At first you need to have the whole balanced equation:
#H_2SO_4 + 2NaOH -> Na_2SO_4 + 2H_2O#
It is a neutralisation reaction and those have regular mechanism.

First we need to know how many moles of #H_2SO_4# we need.
For this we can use cross-multiplication
From the reaction we've written before we can see that 2 moles of #NaOH# react with one mole of #H_2SO_4# (no number means 1 mole)

# 1 H_2SO_4 + 2NaOH ->1 Na_2SO_4 + 2H_2O#

So we use the cross multiplication
2 moles #NaOH # ..................................1 mole #H_2SO_4 #
0.850 moles #NaOH#............................x mole #H_2SO_4#

#2*x= 1*0.850//:2 #
#x=0.425# moles

Now that we have number of moles, we just need the molar mass (equation: #n=m/M # , where n= number of moles, m = mass, M = molar mass)

#M=2+(4*16)+32=98 g//mol #
After rearranging the equation: #m=n*M#
#m=0.425*98#
#m=41.6g#

If anything is unclear, feel free to ask :)

Feb 11, 2018

#41.68"g"# of sulfuric acid reacts with #0.85# moles of sodium hydroxide to produce water and sodium sulfate.

Explanation:

First write down the reaction in full:

#H_2SO_4+2NaOHrarr Na_2SO_4+2H_2O#.

We won't need the equation, but it is clearer if you do so.

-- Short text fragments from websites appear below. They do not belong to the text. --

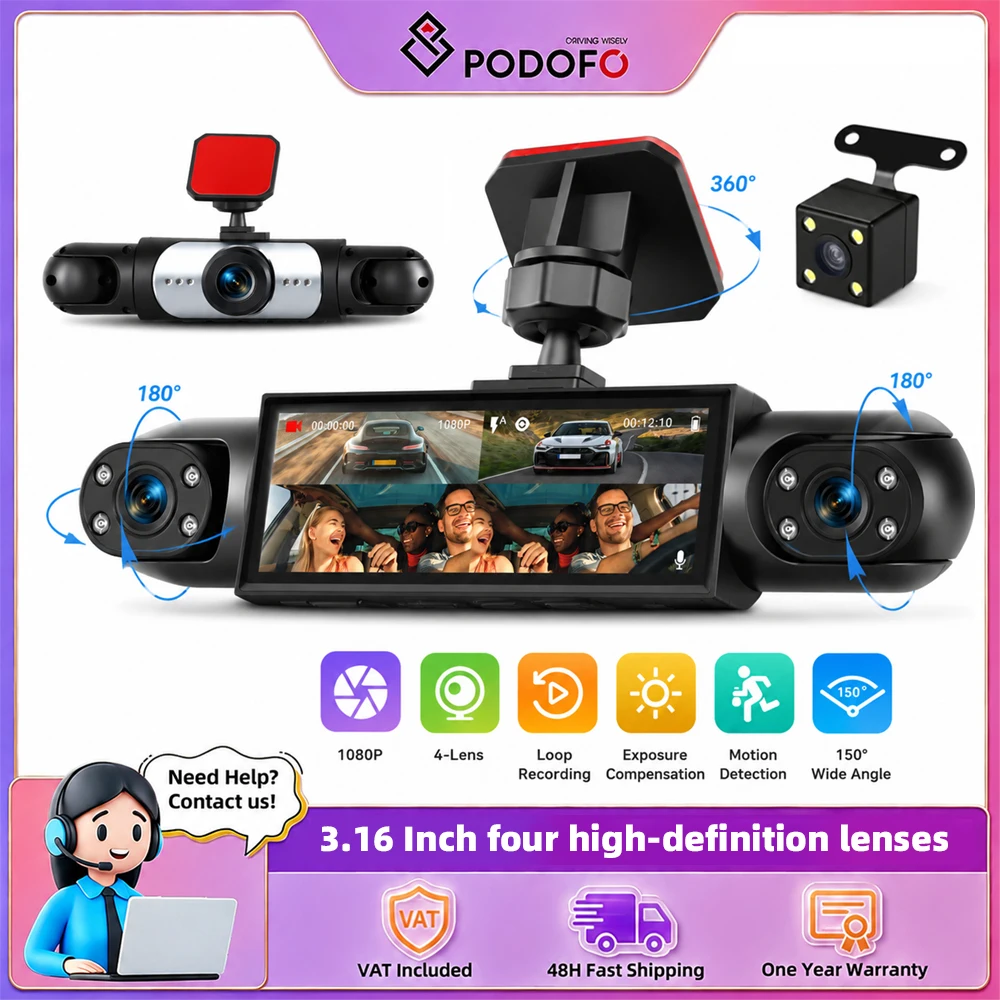 Podofo 3,16 Zoll Auto-Dashcam 1080P Auto-Blackbox Dashcam mit Vier HD-Kameras Einschließlich 480P Linke Innenkamera, Rechte Innenkamera und Rückkamera
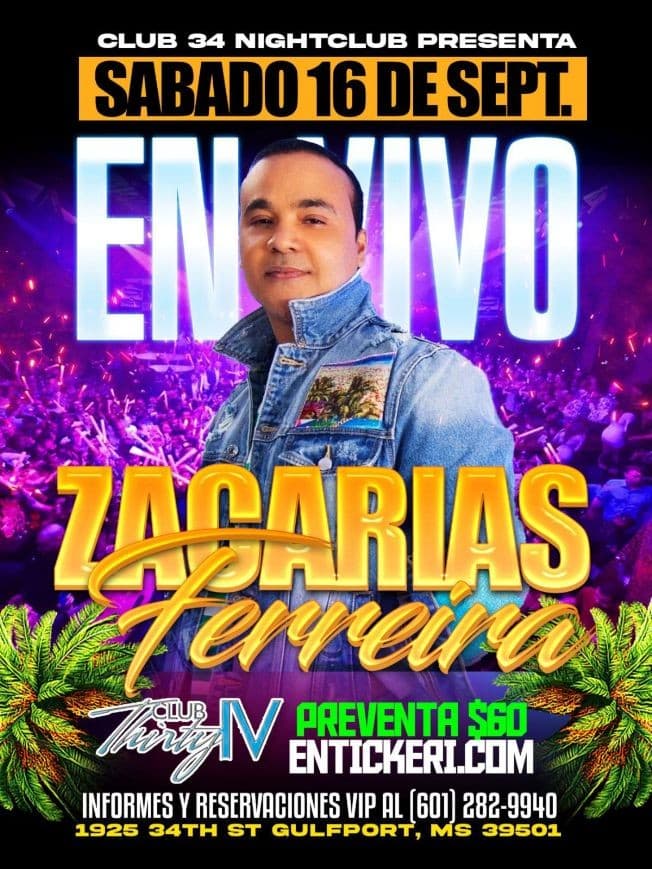 Event - ZACARIAS FERREIRA EN CONCIERTO- GULFPORT MS - Gulfport, Mississippi - September 16, 2023 | concert tickets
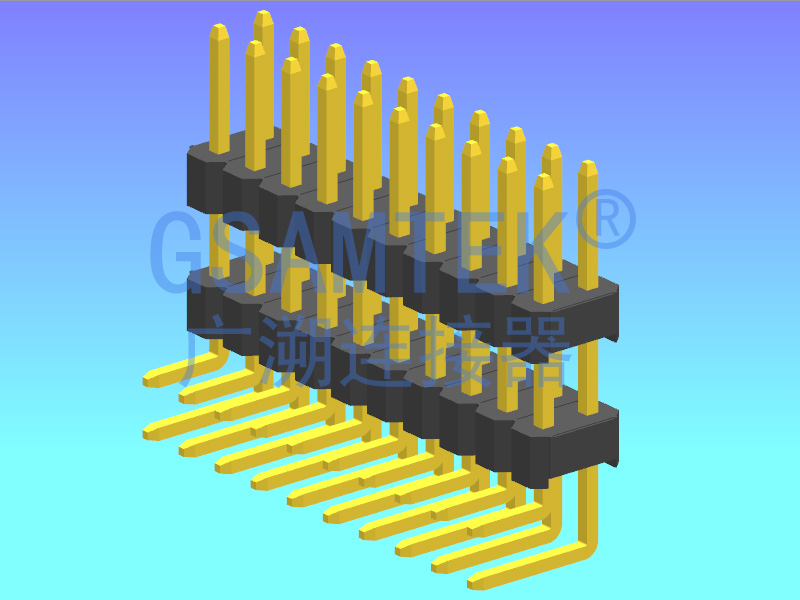 雙排雙塑90度排針PH2.54 H2.5 W5.0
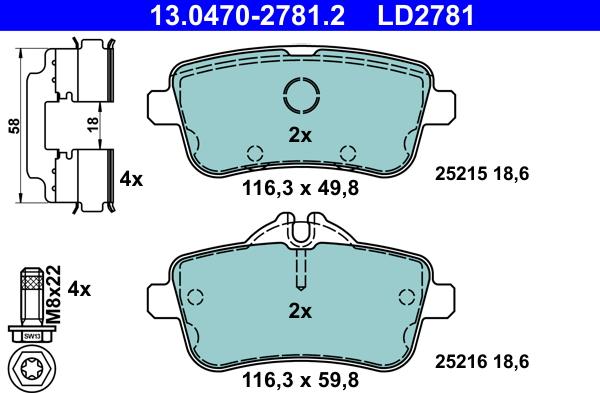 ATE 13.0470-2781.2 - Kit de plaquettes de frein, frein à disque cwaw.fr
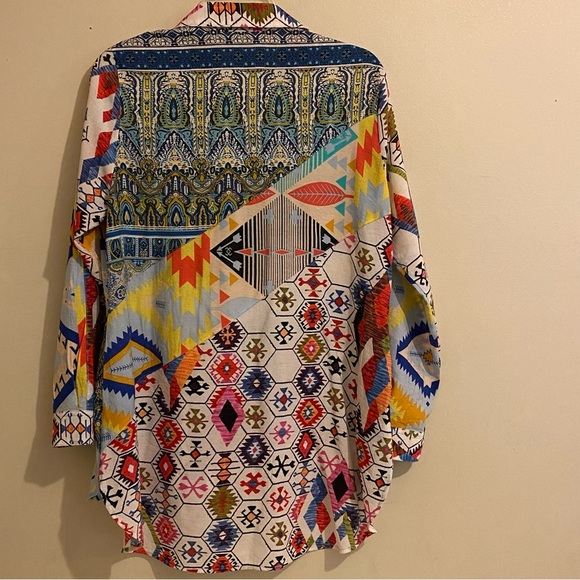 Caleoas Women’s M Tunic Top Shirt Mixed Pattern Button Up Pockets Boho - Picture 2 of 14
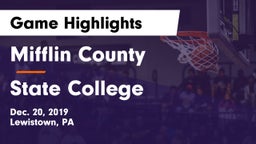 Mifflin County  vs State College  Game Highlights - Dec. 20, 2019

Notice how the moles of sulfuric acid and sodium hydroxide are in the ratio #2:1#. So if we have #0.85"mol"# of #NaOH#:

#(2 "mol "NaOH)/(1 "mol " H_2SO_4)=(0.85"mol " NaOH)/(x)#

Cross-multiplying:

#1 "mol " H_2SO_4*0.85"mol " NaOH=x*2 "mol "NaOH#

#x=(1 "mol " H_2SO_4*0.85cancel("mol " NaOH))/(2 cancel("mol "NaOH))#

#x=0.425"mol " H_2SO_4#

The formula for moles is #n=m/M#, where #n# is the moles, #m# the mass, and #M# the molar mass.

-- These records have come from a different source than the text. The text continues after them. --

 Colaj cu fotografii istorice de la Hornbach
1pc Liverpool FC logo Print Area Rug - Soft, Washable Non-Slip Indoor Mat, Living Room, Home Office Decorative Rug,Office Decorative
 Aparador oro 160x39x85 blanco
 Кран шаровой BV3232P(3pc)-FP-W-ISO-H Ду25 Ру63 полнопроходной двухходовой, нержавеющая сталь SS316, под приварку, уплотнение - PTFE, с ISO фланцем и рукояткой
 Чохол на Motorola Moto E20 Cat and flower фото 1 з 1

Rearranging to solve for #m#, we get:

#m=nM#.

Since we have #0.425"mol"# of sulfuric acid, and the molar mass of the acid is #98.08"g"/"mol"#.

We can input our values into the rearranged equation:

#m=0.425cancel("mol")*98.08"g"/cancel("mol")#

#m=41.68"g"# of sulfuric acid reacts with #0.85# moles of sodium hydroxide to produce water and sodium sulfate.